BRAVE to reach out to offenders
Anti-violence group prepares for first meeting with subjects
“The message has to be consistent and everyone has to understand what the rules are and what our response will be to criminal behavior.” hillar moore iii, district attorney, East Baton Rouge Parish
The Baton Rouge Violence Elimination project is almost ready to hold its first meeting with targeted offenders in the 70805 ZIP code.
Staff from the University of Cincinnati and representatives from the Cincinnati Police Department will be in Baton Rouge during the second week of November to help BRAVE partners pinpoint who to invite to the meeting, dubbed a call-in, said East Baton Rouge Parish District Attorney Hillar Moore III.
The experts also will train BRAVE partners on how to conduct the meeting, Moore said.
After that, Moore said, BRAVE should be prepared for its first call-in which generally speaking is a meeting at which authorities will present offenders with two options — swift and severe punishment if they continue to commit crimes, or change their ways and seek help to better their lives.
If the offenders choose the former course, members of two BRAVE patrol teams will find them, arrest them and put them in jail.

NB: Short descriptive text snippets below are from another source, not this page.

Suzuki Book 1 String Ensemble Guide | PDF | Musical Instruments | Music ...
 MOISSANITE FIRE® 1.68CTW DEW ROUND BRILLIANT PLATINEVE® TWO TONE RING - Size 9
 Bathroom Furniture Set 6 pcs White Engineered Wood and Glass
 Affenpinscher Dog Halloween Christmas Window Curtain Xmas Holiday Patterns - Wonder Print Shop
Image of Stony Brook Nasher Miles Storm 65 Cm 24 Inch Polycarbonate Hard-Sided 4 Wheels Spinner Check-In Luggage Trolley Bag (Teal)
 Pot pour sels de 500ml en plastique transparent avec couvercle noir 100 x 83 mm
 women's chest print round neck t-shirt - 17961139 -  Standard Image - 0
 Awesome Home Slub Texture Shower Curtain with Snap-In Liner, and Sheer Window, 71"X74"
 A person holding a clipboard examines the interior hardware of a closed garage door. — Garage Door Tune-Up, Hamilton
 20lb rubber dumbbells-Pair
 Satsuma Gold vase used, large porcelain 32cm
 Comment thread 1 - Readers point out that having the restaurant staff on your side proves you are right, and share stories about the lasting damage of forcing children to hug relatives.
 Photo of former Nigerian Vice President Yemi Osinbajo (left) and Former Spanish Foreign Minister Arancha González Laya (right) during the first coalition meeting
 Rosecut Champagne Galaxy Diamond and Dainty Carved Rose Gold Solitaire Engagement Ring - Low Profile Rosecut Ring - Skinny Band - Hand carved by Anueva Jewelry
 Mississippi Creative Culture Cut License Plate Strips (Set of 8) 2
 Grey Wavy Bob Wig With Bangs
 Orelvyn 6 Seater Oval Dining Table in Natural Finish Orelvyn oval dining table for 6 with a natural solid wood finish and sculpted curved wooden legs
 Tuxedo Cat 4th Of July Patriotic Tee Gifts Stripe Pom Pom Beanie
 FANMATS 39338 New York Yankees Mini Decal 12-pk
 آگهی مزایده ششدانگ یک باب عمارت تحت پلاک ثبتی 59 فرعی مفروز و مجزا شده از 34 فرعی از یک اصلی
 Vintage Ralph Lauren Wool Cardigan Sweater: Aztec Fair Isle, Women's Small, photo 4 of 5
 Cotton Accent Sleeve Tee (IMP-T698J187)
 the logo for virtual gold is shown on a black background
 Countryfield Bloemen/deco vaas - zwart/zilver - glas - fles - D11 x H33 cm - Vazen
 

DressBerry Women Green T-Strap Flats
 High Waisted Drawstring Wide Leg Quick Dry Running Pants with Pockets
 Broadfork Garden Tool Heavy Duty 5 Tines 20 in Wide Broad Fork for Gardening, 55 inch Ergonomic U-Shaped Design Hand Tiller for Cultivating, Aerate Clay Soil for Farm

“From what we read and what we are told, it (the call-in) has to be a well-organized and scripted meeting,” Moore said. “The message has to be consistent and everyone has to understand what the rules are and what our response will be to criminal behavior.”
More importantly, Moore said, the right people have to be invited to the meeting. They will “set the tone” for the future and the success of BRAVE, an anti-violence program that uses statistical data to target criminals and employs tactics to try to change their behavior, he said.
BRAVE initially will focus on violent offenders as well as drug offenders in the city’s 70805 ZIP code. That area — bordered by Airline Highway to the north and the east, Choctaw Drive to the south and the Mississippi River to the west — accounts for 13 percent of the city’s population but traditionally 30 percent of its homicides.
Researchers with LSU have been gathering data on criminals in the area for the past few months and will present that information to the team arriving from Cincinnati, including Robin Engel, director of the University of Cincinnati Policing Institute, Moore said.
Engel and the others will use that data and information they obtain in interviews with Baton Rouge police officers and East Baton Rouge Parish Sheriff’s deputies to help BRAVE partners decide who to invite to their first call-in, which could be conducted later this year or by the beginning of next year.
“We are gaining momentum,” Moore said. “We are getting real close.”
Another step BRAVE partners recently took to help prepare them for the group’s first call-in was a half-day training session with members of the Milwaukee Homicide Review Commission.
Representatives from the commission talked to BRAVE stakeholders on Monday about how to begin a homicide review process, which is used to examine the underlying cause of homicides and identify recommendations for improving the community’s response to violence.
Milwaukee began the review process seven years ago in three of seven of its police districts, said Mallory O’Brien, director and founder of the commission. After just two years, killings in the three study sites declined 52 percent compared with only 9 percent in the control areas.
The review process has since been expanded and now covers both fatal and nonfatal shootings throughout the entire city, O’Brien said.
“Once you get people sharing information you start seeing trends and points of intervention,” she said. “You also get people thinking differently about how to do their jobs.”
Milwaukee District Attorney John T. Chisholm said he has gotten “tremendous buy-in from all sectors of the community” and that “everyone understands that before you change things you need to study them.”
He said the review process has helped him change the definition of successful crime fighting.
“It’s not how may people you arrest but how safe you make the community,” he said. “We have to start thinking about how we can interrupt acts of violence.”
Recommendations made by the review commission have helped do that in Milwaukee by initiating the creation of a child advocacy unit, a family peace center, a drug treatment court and deferred prosecution programs, Chisholm said.
“It’s done a lot of good for our community,” he said.
Moore said he would like to start a similar review process in East Baton Rouge Parish, beginning in the 70805 ZIP code.
Moore said the homicide review process will complement the data that LSU is collecting on violent offenders in the area.
“We learned a lot from just the two case reviews we did in the half-day training session,” Moore said.
“We now know that we have to rely more heavily on the offices of corrections, juvenile justice and juvenile services for information.”
Moore said he will have to rely on volunteers from the private sector and area universities to implement a consolidated version of the Milwaukee Homicide Review Commission in East Baton Rouge Parish until money can be raised to fund a full-fledged homicide review commission such as the one in Milwaukee.
The Milwaukee program has an annual budget of $500,000.
Matthew Lee, a researcher with LSU who is working on the BRAVE project, said he is optimistic that the university will be able to make progress on the review process since they would initially be focused only on the 70805 ZIP code.
“It is a labor intensive project, but it’s important because it tells you what kind of homicides we are dealing with,” Lee said. “That data can then be used to decide what to focus on in the community to try and prevent these crimes.”